Action item: Once the line containing "salpingitis adhesions, fallopian" is located in the records below, repeat it and all lines that follow it exactly, leaving out any picture.

*** Opening of Records shown ***

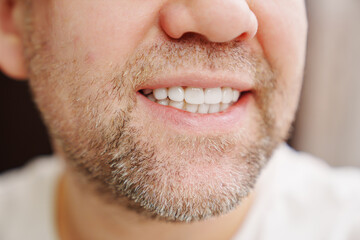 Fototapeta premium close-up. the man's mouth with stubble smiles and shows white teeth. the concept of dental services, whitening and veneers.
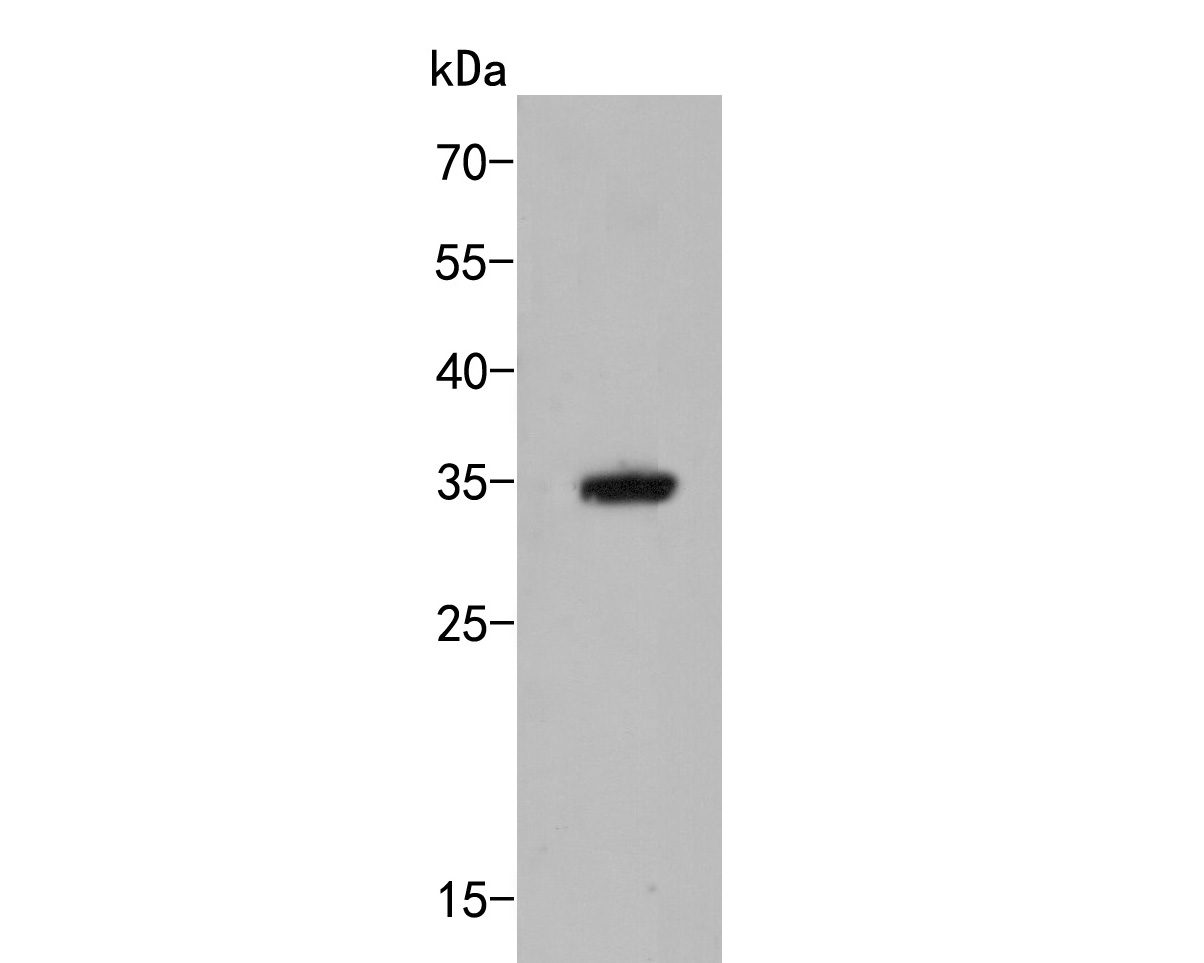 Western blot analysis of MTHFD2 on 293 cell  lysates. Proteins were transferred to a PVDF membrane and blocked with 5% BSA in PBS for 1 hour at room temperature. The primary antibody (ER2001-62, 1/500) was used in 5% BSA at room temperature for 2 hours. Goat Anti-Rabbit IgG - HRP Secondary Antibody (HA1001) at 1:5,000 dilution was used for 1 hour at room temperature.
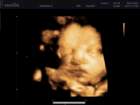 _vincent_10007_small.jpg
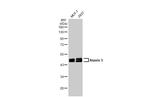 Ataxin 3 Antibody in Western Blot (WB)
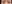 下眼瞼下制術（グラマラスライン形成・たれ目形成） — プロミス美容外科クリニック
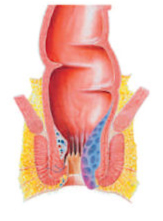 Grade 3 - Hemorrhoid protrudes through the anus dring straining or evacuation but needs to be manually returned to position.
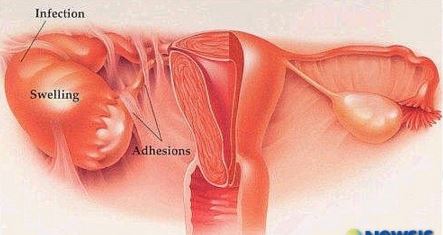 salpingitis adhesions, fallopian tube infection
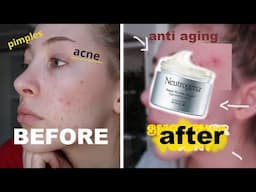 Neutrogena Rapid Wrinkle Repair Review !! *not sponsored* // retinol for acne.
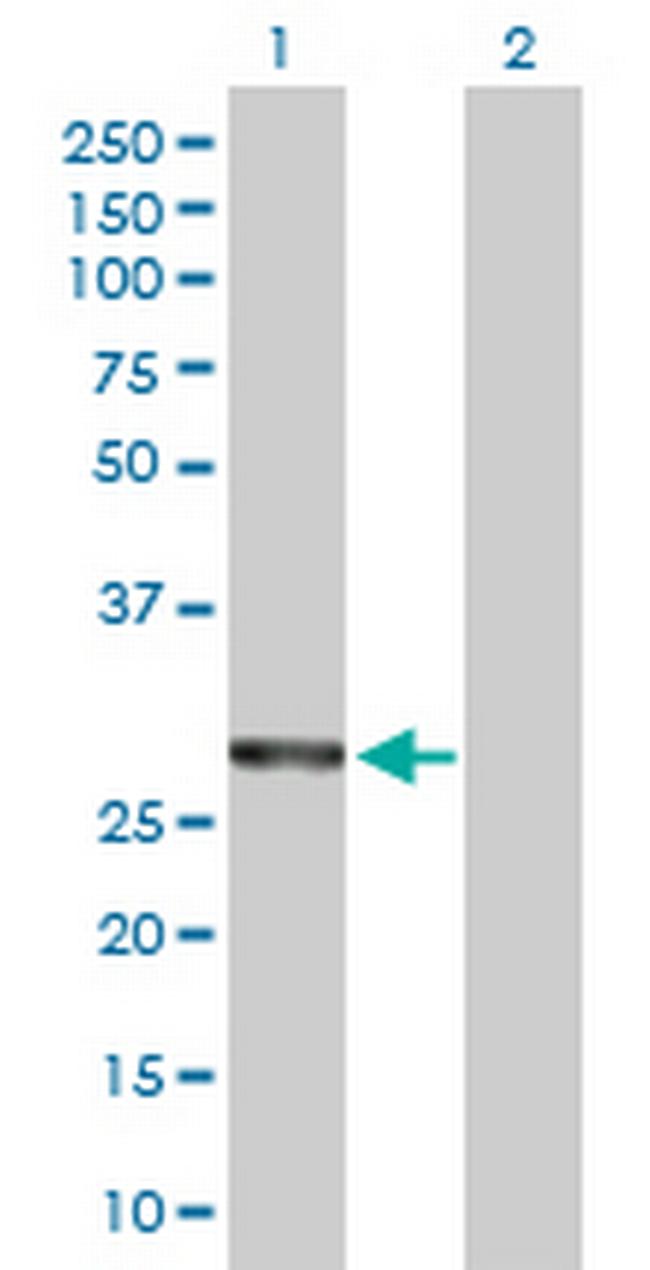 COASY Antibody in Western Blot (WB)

*** Close of Records shown ***

Written solution:
 salpingitis adhesions, fallopian tube infection
 Neutrogena Rapid Wrinkle Repair Review !! *not sponsored* // retinol for acne.
 COASY Antibody in Western Blot (WB)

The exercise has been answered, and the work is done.